Task item:
Below are the entries to work from; restate word for word the portion that opens with the line containing "this 640×480 image." and closes with the line containing "this 630×400 image.", keeping both.

Given entries:
--

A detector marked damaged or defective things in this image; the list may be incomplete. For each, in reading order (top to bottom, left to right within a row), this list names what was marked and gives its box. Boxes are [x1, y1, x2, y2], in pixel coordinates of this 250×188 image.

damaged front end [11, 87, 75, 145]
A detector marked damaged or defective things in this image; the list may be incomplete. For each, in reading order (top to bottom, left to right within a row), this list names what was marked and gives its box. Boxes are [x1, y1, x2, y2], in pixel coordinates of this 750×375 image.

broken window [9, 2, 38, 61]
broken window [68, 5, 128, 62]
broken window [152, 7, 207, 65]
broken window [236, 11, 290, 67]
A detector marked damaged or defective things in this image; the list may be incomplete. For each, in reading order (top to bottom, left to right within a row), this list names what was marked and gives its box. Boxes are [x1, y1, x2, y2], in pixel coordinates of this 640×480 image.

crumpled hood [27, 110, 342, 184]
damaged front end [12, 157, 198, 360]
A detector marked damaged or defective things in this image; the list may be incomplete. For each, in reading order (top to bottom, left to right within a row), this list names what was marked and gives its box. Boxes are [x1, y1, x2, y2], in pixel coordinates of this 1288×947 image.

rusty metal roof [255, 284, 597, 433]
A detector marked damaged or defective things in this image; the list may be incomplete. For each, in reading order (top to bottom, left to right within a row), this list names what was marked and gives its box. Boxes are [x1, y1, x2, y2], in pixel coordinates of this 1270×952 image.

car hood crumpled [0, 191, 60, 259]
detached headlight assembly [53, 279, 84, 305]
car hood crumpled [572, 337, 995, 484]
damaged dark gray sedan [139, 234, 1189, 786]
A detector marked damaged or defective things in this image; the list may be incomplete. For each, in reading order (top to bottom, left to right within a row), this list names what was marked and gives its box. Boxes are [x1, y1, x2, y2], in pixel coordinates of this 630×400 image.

--

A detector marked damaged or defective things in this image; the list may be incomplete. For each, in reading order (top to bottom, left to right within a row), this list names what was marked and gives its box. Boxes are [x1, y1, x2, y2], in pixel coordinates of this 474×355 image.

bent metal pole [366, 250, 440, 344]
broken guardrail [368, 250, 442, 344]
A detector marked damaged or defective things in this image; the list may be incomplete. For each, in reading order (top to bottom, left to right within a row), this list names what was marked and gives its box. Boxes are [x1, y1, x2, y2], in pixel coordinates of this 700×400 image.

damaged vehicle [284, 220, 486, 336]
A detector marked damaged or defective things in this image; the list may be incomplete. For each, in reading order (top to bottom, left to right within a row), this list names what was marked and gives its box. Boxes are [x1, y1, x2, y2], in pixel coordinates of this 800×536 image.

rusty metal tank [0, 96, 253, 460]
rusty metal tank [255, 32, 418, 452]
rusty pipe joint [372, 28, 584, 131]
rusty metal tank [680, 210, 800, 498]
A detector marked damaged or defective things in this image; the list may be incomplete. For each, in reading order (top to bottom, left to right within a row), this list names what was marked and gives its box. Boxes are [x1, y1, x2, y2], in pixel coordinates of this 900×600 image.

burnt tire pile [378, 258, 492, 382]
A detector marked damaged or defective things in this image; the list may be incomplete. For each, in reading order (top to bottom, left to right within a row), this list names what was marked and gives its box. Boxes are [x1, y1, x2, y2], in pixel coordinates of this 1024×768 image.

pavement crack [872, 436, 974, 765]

--

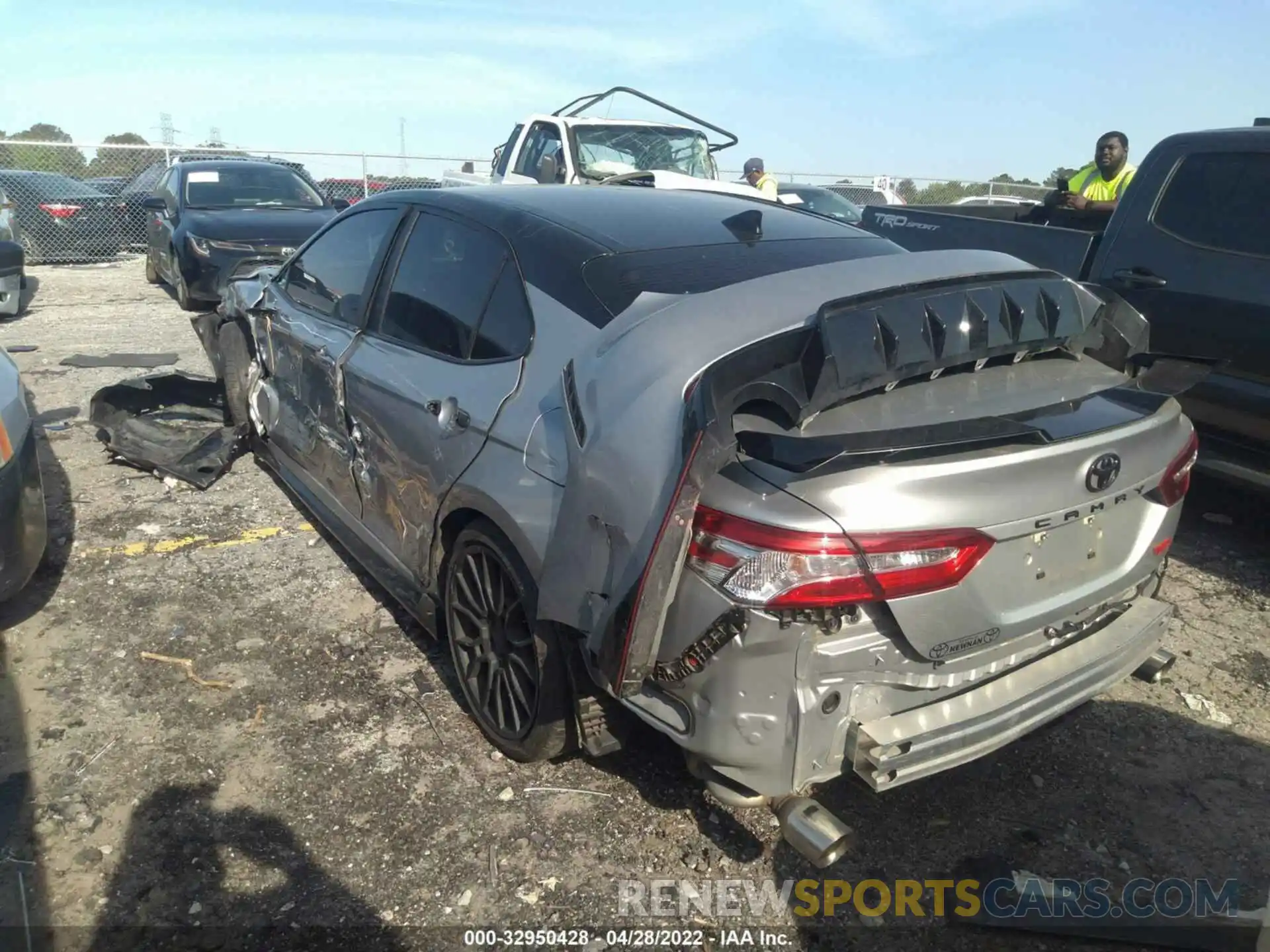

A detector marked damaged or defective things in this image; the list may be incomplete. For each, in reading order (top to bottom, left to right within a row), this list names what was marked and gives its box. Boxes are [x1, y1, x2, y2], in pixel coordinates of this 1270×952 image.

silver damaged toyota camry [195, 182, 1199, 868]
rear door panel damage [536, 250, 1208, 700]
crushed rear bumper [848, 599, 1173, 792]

--

Answer to this exercise:
A detector marked damaged or defective things in this image; the list may be incomplete. For each, in reading order (top to bottom, left to right within a row), this list names what was marked and gives its box. Boxes are [x1, y1, x2, y2], in pixel coordinates of this 640×480 image.

crumpled hood [27, 110, 342, 184]
damaged front end [12, 157, 198, 360]
A detector marked damaged or defective things in this image; the list may be incomplete. For each, in reading order (top to bottom, left to right within a row), this list names what was marked and gives its box. Boxes are [x1, y1, x2, y2], in pixel coordinates of this 1288×947 image.

rusty metal roof [255, 284, 597, 433]
A detector marked damaged or defective things in this image; the list may be incomplete. For each, in reading order (top to bottom, left to right within a row), this list names what was marked and gives its box. Boxes are [x1, y1, x2, y2], in pixel coordinates of this 1270×952 image.

car hood crumpled [0, 191, 60, 259]
detached headlight assembly [53, 279, 84, 305]
car hood crumpled [572, 337, 995, 484]
damaged dark gray sedan [139, 234, 1189, 786]
A detector marked damaged or defective things in this image; the list may be incomplete. For each, in reading order (top to bottom, left to right within a row), this list names what was marked and gives its box. Boxes are [x1, y1, x2, y2], in pixel coordinates of this 630×400 image.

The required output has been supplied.